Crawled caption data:
···

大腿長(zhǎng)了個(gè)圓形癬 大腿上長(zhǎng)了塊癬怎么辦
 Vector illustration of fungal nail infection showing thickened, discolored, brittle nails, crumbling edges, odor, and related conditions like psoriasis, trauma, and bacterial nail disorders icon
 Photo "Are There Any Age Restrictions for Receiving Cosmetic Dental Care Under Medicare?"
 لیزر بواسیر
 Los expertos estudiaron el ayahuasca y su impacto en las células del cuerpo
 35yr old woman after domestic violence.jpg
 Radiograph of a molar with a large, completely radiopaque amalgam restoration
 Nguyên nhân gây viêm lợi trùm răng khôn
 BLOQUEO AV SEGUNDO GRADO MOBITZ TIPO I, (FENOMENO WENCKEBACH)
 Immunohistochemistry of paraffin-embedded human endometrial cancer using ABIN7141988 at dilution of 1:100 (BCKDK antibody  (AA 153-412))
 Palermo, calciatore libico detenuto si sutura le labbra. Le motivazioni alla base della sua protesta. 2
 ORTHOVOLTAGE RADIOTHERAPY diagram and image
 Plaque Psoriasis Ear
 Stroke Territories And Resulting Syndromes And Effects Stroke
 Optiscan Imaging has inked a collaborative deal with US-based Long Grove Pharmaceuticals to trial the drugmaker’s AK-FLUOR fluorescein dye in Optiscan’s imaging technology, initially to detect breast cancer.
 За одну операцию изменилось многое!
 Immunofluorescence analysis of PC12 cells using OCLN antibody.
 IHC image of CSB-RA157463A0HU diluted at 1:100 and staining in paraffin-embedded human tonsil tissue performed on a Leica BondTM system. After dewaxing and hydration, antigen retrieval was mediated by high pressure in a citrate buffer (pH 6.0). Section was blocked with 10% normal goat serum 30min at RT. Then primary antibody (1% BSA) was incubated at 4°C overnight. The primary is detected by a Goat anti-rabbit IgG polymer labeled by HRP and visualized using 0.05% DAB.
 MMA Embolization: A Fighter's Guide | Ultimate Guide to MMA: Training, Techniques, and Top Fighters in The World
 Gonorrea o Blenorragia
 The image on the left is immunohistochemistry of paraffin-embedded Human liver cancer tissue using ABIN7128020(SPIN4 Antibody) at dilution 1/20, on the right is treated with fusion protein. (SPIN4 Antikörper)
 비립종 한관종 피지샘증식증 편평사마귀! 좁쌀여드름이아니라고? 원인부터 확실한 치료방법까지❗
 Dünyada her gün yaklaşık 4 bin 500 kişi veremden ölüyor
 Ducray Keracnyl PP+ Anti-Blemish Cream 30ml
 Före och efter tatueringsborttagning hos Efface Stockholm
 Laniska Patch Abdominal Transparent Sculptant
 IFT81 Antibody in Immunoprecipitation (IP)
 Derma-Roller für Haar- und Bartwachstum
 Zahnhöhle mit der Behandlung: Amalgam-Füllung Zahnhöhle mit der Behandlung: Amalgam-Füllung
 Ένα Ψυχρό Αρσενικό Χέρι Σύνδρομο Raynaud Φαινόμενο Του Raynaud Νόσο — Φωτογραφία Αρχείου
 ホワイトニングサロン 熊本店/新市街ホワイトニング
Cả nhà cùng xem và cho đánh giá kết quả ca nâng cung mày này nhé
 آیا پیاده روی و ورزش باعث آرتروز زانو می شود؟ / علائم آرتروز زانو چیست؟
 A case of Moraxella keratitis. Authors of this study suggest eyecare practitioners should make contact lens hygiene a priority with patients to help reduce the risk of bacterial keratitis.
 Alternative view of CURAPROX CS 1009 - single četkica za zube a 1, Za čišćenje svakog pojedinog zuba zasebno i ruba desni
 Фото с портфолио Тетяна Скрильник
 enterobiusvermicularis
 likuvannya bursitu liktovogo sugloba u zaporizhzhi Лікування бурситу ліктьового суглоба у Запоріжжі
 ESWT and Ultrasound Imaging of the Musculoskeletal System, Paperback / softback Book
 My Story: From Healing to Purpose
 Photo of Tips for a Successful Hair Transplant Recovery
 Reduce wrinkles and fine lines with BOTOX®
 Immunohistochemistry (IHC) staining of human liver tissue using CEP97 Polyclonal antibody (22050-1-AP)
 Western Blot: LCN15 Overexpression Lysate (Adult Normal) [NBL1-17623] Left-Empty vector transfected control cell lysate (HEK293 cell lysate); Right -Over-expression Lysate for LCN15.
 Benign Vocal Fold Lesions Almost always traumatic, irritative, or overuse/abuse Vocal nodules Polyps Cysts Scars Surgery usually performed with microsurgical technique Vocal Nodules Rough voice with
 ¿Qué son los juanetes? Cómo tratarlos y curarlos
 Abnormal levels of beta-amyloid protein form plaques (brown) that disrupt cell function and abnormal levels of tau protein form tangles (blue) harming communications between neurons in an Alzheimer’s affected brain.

···

PROBLEM STATEMENT
Taking the entries above, print exactly the lines starting at the line with "My Story: From Healing to Purpose" and ending at the line with "Immunohistochemistry (IHC) staining", both included.

EXERCISE RESPONSE
 My Story: From Healing to Purpose
 Photo of Tips for a Successful Hair Transplant Recovery
 Reduce wrinkles and fine lines with BOTOX®
 Immunohistochemistry (IHC) staining of human liver tissue using CEP97 Polyclonal antibody (22050-1-AP)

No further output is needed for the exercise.